Three new ancient shark species discovered in Alabama and Kentucky

Three new ancient shark species discovered in Alabama and Kentucky

Paleontologists in Kentucky and Alabama discovered fossils belonging to three new species of ancient sharks. These long-dead predatory fish lived during a time when the region was covered by a shallow subtropical sea and a waterway that connected ancient land masses older than Pangea.

[Related: Prehistoric shark called Kentucky home 337 million years ago.]

An accidental dental discovery

One of the new sharks is the species Palaeohypotodus bizzocoi and is described in a study published February 7 in the open access journal The fossil record. Palaeohypotodus translates to “ancient little-eared tooth” and had small needle-like slits on the sides of the teeth. The discovery of her ghost teeth is suspected to have happened by accident.

“A few years ago, I was looking through the historic fossil collections at the Alabama Geological Survey and came across a small box of shark teeth that were collected over 100 years ago in Wilcox County,” Jun Ebersole, study co-author and director. of Collections at the McWane Science Center, said in a statement. “Having documented hundreds of species of fossil fish over the past decade, I found it strange that these teeth were from a shark I was unfamiliar with.”

A diagram of over 30 teeth belonging to an ancient shark called Palaeohypotodus bizzocoi.
Palaeohypotodus bizzocoi The teeth. CREDIT Ebersole et al.

After examining the teeth, Ebersole discovered that they likely belonged to a new species. It lived approximately 65 million years ago, during the Paleocene epoch. This happens just after the dinosaurs began to die out and more than 75 percent of life on Earth disappeared. The team believes this P. bizzocoi it was a top predator at a time when ocean life was beginning to recover.
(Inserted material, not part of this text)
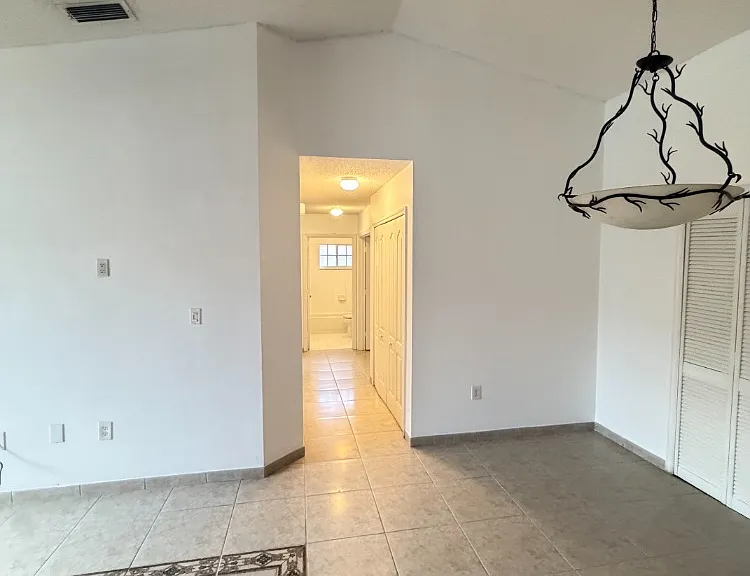 2553 W 76th St #202 — Photo 9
“This time period is understudied, which makes the discovery of this new shark species all the more significant,” Lynn Harrell, Jr., a study co-author and curator of fossil collections at the Alabama Geological Survey, said in a statement. “Shark discoveries like this give us incredible insight into how ocean life recovers from major extinction events and also allows us to potentially predict how global events, such as climate change, affect marine life today.”

325 million year old sea sharks

On February 1, paleontologists from Mammoth Cave National Park announced the discovery of two new species of ancient shark. According to the National Park Service, Troglocladodus trimblei AND Glikmanius careforum, were identified from fossils collected in deposits from Mammoth Cave in Kentucky and northern Alabama. Both these types of sharks lived about 325 million years ago and there are dozens of them. These ancient cousins ​​of modern sharks all had spines used for defense.

A reconstruction of young Middle and Late Mississippian centacanth sharks from Mammoth Cave National Park and northern Alabama.  Glikmanius careforum is seen swimming in the foreground with two Troglocladodus trimblei swimming above.
A reconstruction of young Middle and Late Mississippian centacanth sharks from Mammoth Cave National Park and northern Alabama. Glikmanius careforum is seen swimming in the foreground with two Troglocladodus trimblei floating up. CREDIT: Benji Paynose/NPS.

Scientists found juvenile teeth that belonged to him Troglocladodus trimblei. It was likely about 10 to 12 meters long, about the same size as a modern oceanic great white shark. Name Troglocladodus means “cave branching tooth”, referring to its “forked-looking” chalks.

Glikmanius careforum pushes the origin of this Glicmanius The genus Ctenacanth dates back over 50 million years earlier than expected. It was identified by teeth and a partial set of jaws and gills belonging to a juvenile Glicmanius. Scientists estimate that it also reached a length of 10 to 12 feet. From the shape of its jaw, it likely had a powerful bite that it used to hunt bony fish, squid-like orthocones, and smaller sharks.

[Related: The ‘meg’ may have been longer and less chonky than previously thought.]

Both species would have hunted ancient nearshore habitats. The region was once an ancient sea route connecting present-day eastern North America, Europe and northern Africa. The waterway later disappeared when the supercontinent Pangea formed.

Over 400 unique species of sharks and bony fishes have already been discovered in Alabama alone, making it a very diverse fish fossil deposit. Ongoing research such as the Paleontological Resource Inventory at Mammoth Cave National Park may continue to uncover even more new fossil sharks.